- _DIRECTIONS_: Drop all images. Then write out each line below exactly as given.
--- START ---
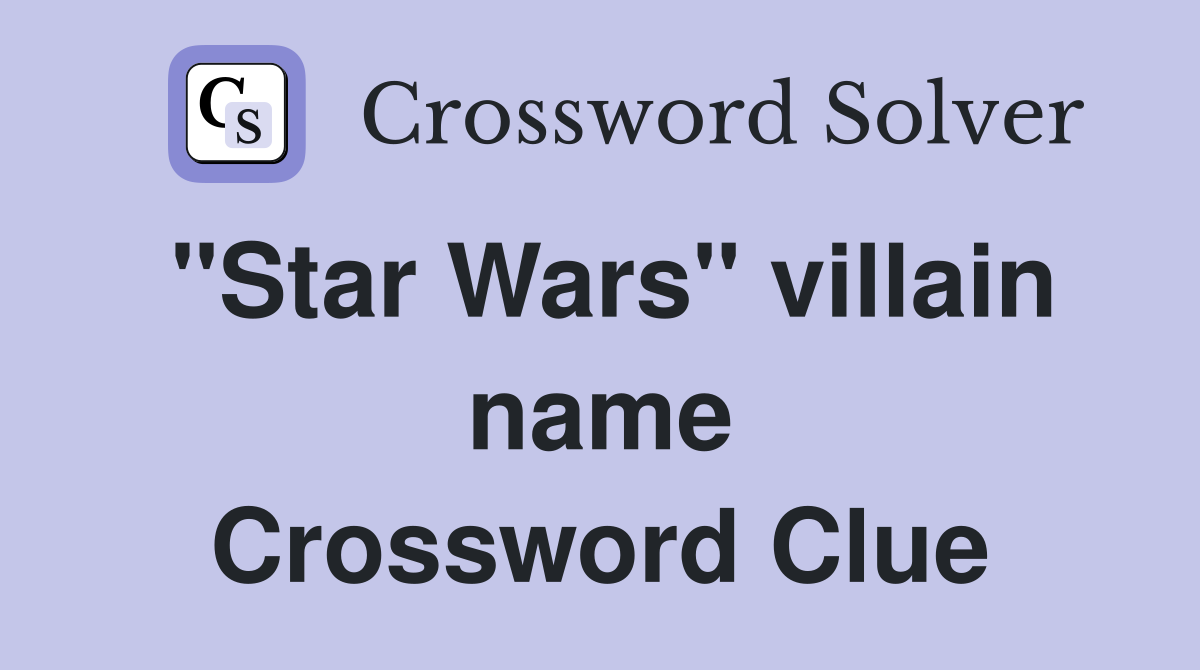 "Star Wars" villain name Crossword Clue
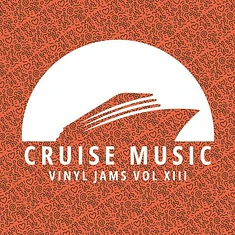 Mark Funk / Danny Cruz / Samo / Mirko & Meex / Dennis Matser - Cruise Music Vinyl Jams Vol XIII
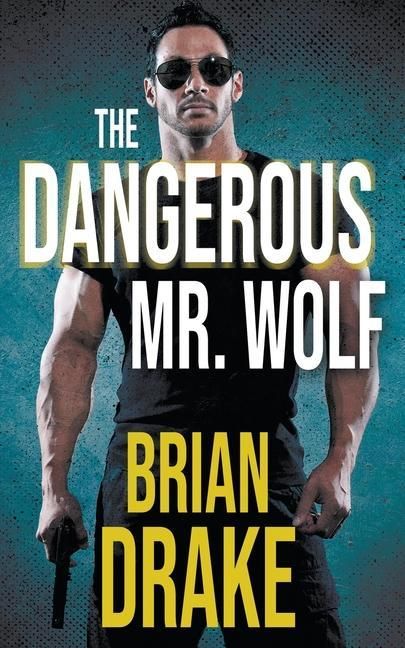 Produktbild: The Dangerous Mr. Wolf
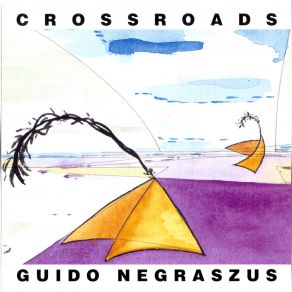 Download track Crossroads Part V Guido Negraszus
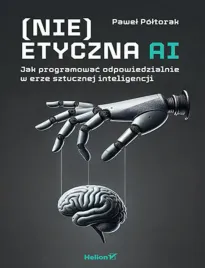 nie-etyczna-ai-jak-programowac-odpowiedzialnie-w-erze-sztucznej-inteligen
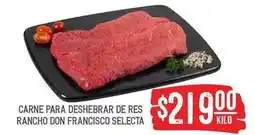 Soriana Híper Don francisco - carne para deshebrar de res oferta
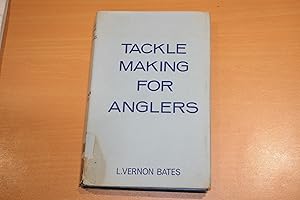 Tackle Making for Anglers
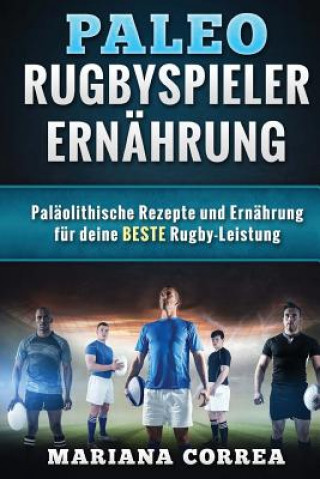 Knjiga Paleo RUGBYSPIELER ERNAHRUNG: Palaolithische Rezepte und Ernahrung fur deine BESTE Rugby-Leistung Mariana Correa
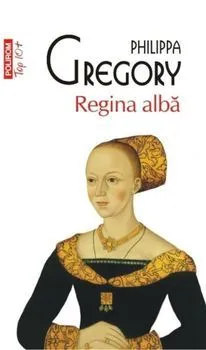 Regina alba de Philippa Gregory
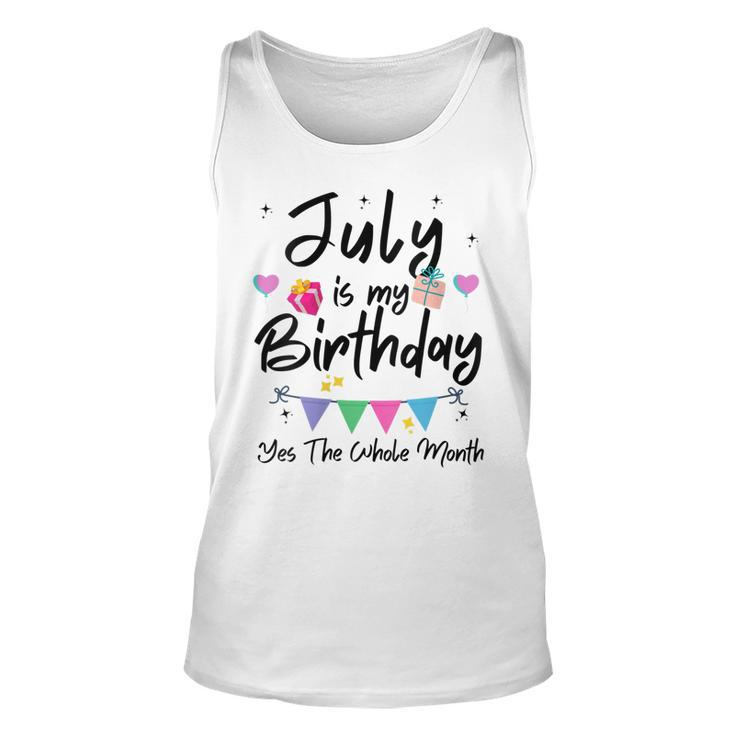 Womens July Is My Birthday Month Yes The Whole Month Funny Girl  Unisex Tank Top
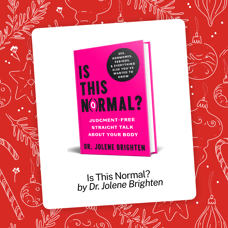 ¿Es normal? por la Dra. Jolene Brighton 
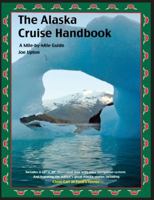 The Alaska Cruise Handbook: A Mile by Mile Guide 0964568284 Book Cover
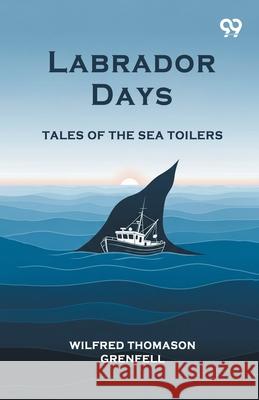 Labrador Days Tales Of The Sea Toilers Wilfred Thomason Grenfell 9789371817844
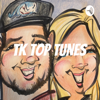 TK Top Tunes - TK Top Tunes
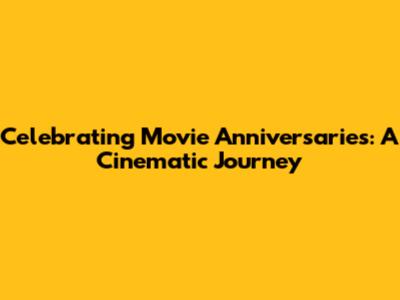Celebrating Movie Anniversaries: A Cinematic Journey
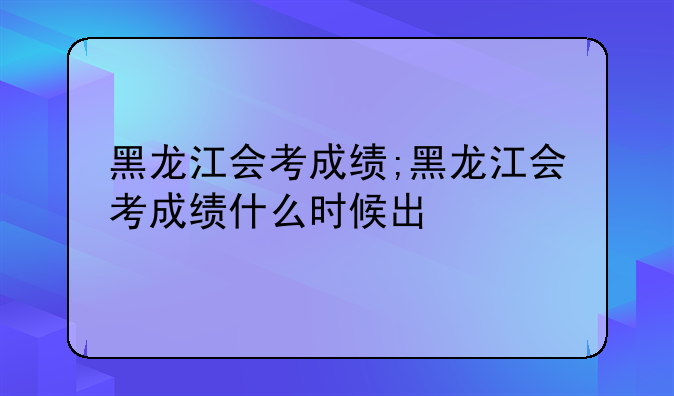 黑龙江会考成绩;黑龙江会考成绩什么时候出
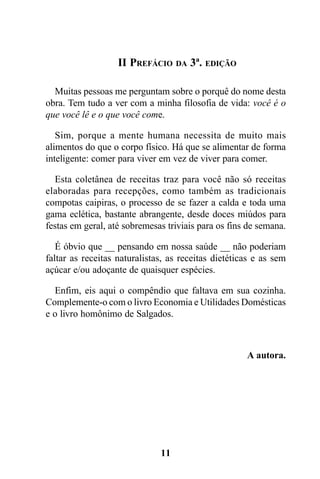 II PREFÁCIO DA 3ª. EDIÇÃO

  Muitas pessoas me perguntam sobre o porquê do nome desta
obra. Tem tudo a ver com a minha filosofia de vida: você é o
que você lê e o que você come.

   Sim, porque a mente humana necessita de muito mais
alimentos do que o corpo físico. Há que se alimentar de forma
inteligente: comer para viver em vez de viver para comer.

  Esta coletânea de receitas traz para você não só receitas
elaboradas para recepções, como também as tradicionais
compotas caipiras, o processo de se fazer a calda e toda uma
gama eclética, bastante abrangente, desde doces miúdos para
festas em geral, até sobremesas triviais para os fins de semana.

   É óbvio que __ pensando em nossa saúde __ não poderiam
faltar as receitas naturalistas, as receitas dietéticas e as sem
açúcar e/ou adoçante de quaisquer espécies.

  Enfim, eis aqui o compêndio que faltava em sua cozinha.
Complemente-o com o livro Economia e Utilidades Domésticas
e o livro homônimo de Salgados.



                                                     A autora.




                              11
 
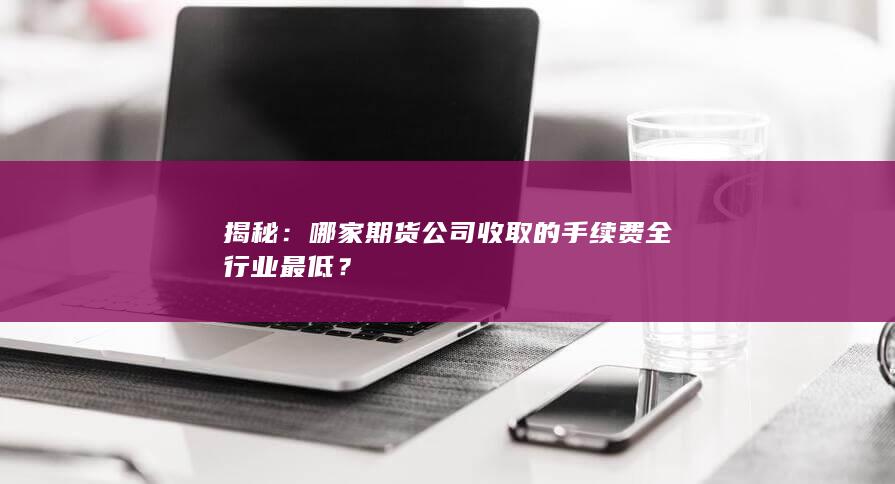 哪家期货公司收取的手续费全行业最低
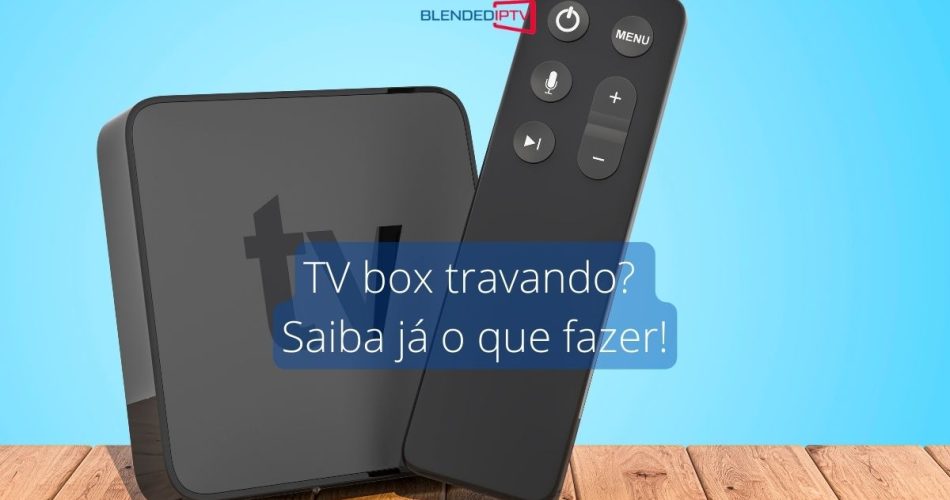 IPTV Travando TV Box? Resolva Rapidamente! - Blended Store IPTV 4k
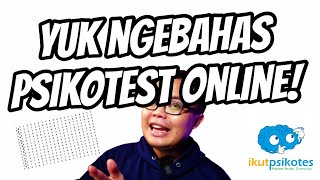 Pertama Kali Nyobain PSIKOTES ONLINE [upl. by Enetsuj337]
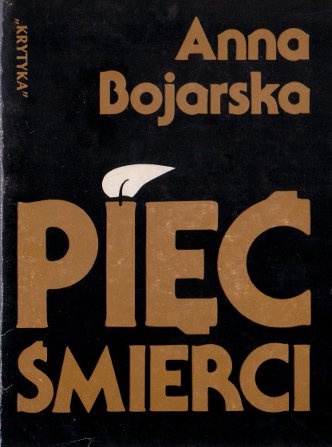 Okładka: Anna Bojarska - Pięć śmierci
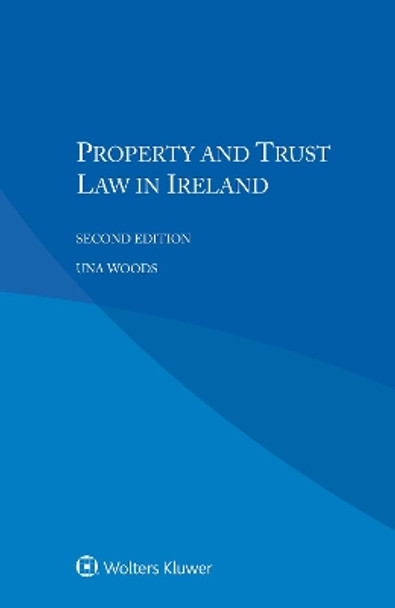 Property and Trust Law in Ireland by Una Woods 9789041194800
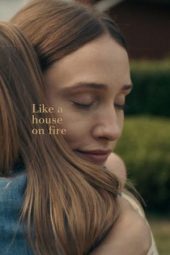Nonton Online Like a House on Fire (2020) indoxxi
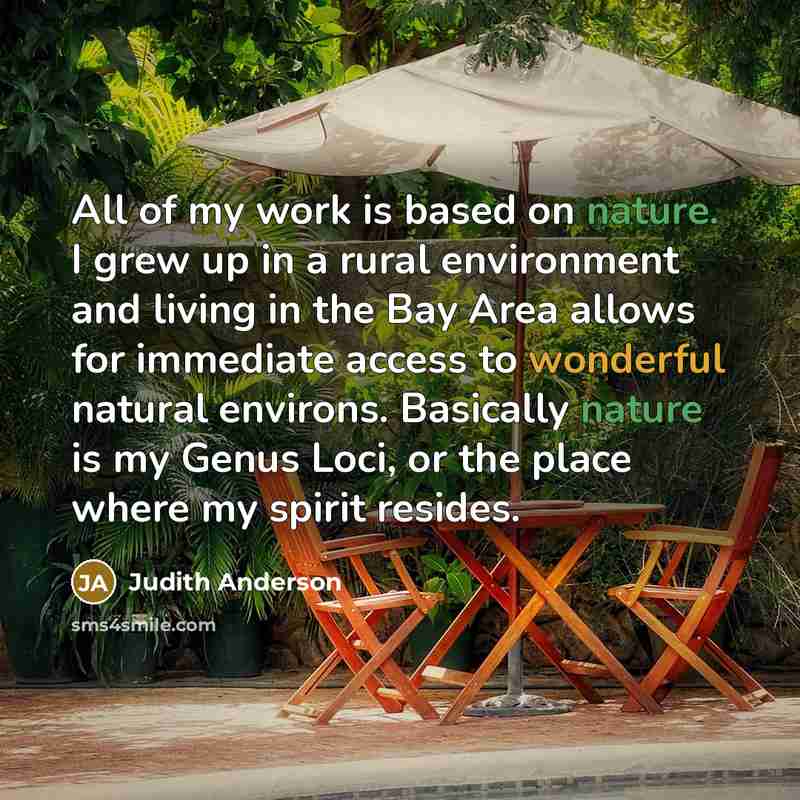 “All of my work is based on nature. I grew up in a rural environment and living in the Bay Area allows for immediate access to wonderful natural environs. Basically nature is my Genus Loci, or the place where my spirit resides.” quote by Judith Anderson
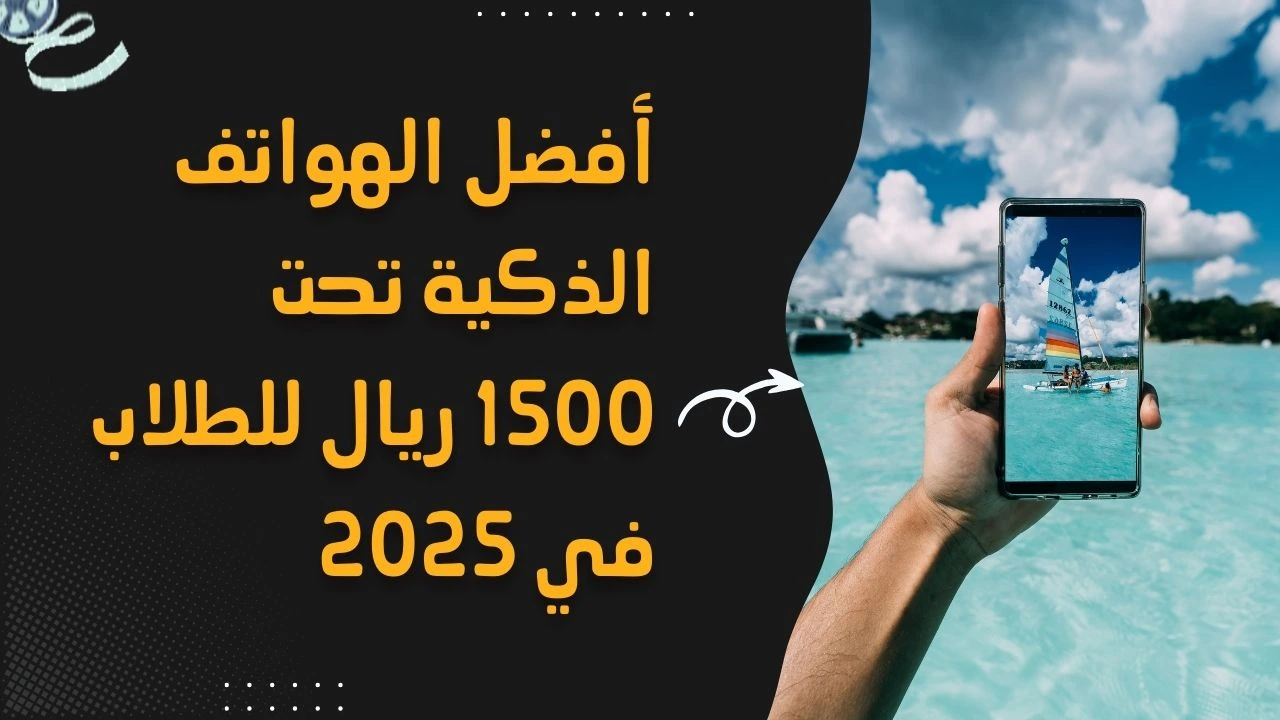 أفضل الهواتف الذكية للطلاب تحت 1500 ريال في 2025: دليلك لاختيار الهاتف المناسب للدراسة!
--- END ---
- _RESULT OF THE TASK_:
 "Star Wars" villain name Crossword Clue
 Mark Funk / Danny Cruz / Samo / Mirko & Meex / Dennis Matser - Cruise Music Vinyl Jams Vol XIII
 Produktbild: The Dangerous Mr. Wolf
 Download track Crossroads Part V Guido Negraszus
 nie-etyczna-ai-jak-programowac-odpowiedzialnie-w-erze-sztucznej-inteligen
 Soriana Híper Don francisco - carne para deshebrar de res oferta
 Tackle Making for Anglers
 Knjiga Paleo RUGBYSPIELER ERNAHRUNG: Palaolithische Rezepte und Ernahrung fur deine BESTE Rugby-Leistung Mariana Correa
 Regina alba de Philippa Gregory
 Womens July Is My Birthday Month Yes The Whole Month Funny Girl  Unisex Tank Top
 ¿Es normal? por la Dra. Jolene Brighton 
 The Alaska Cruise Handbook: A Mile by Mile Guide 0964568284 Book Cover
 Labrador Days Tales Of The Sea Toilers Wilfred Thomason Grenfell 9789371817844
 TK Top Tunes - TK Top Tunes
Celebrating Movie Anniversaries: A Cinematic Journey
 黑龙江会考成绩;黑龙江会考成绩什么时候出
 II PREFÁCIO DA 3ª. EDIÇÃO

  Muitas pessoas me perguntam sobre o porquê do nome desta
obra. Tem tudo a ver com a minha filosofia de vida: você é o
que você lê e o que você come.

   Sim, porque a mente humana necessita de muito mais
alimentos do que o corpo físico. Há que se alimentar de forma
inteligente: comer para viver em vez de viver para comer.

  Esta coletânea de receitas traz para você não só receitas
elaboradas para recepções, como também as tradicionais
compotas caipiras, o processo de se fazer a calda e toda uma
gama eclética, bastante abrangente, desde doces miúdos para
festas em geral, até sobremesas triviais para os fins de semana.

   É óbvio que __ pensando em nossa saúde __ não poderiam
faltar as receitas naturalistas, as receitas dietéticas e as sem
açúcar e/ou adoçante de quaisquer espécies.

  Enfim, eis aqui o compêndio que faltava em sua cozinha.
Complemente-o com o livro Economia e Utilidades Domésticas
e o livro homônimo de Salgados.



                                                     A autora.




                              11
 
 哪家期货公司收取的手续费全行业最低
 IPTV Travando TV Box? Resolva Rapidamente! - Blended Store IPTV 4k
 Pertama Kali Nyobain PSIKOTES ONLINE [upl. by Enetsuj337]
 Okładka: Anna Bojarska - Pięć śmierci
 Property and Trust Law in Ireland by Una Woods 9789041194800
Nonton Online Like a House on Fire (2020) indoxxi
 “All of my work is based on nature. I grew up in a rural environment and living in the Bay Area allows for immediate access to wonderful natural environs. Basically nature is my Genus Loci, or the place where my spirit resides.” quote by Judith Anderson
 أفضل الهواتف الذكية للطلاب تحت 1500 ريال في 2025: دليلك لاختيار الهاتف المناسب للدراسة!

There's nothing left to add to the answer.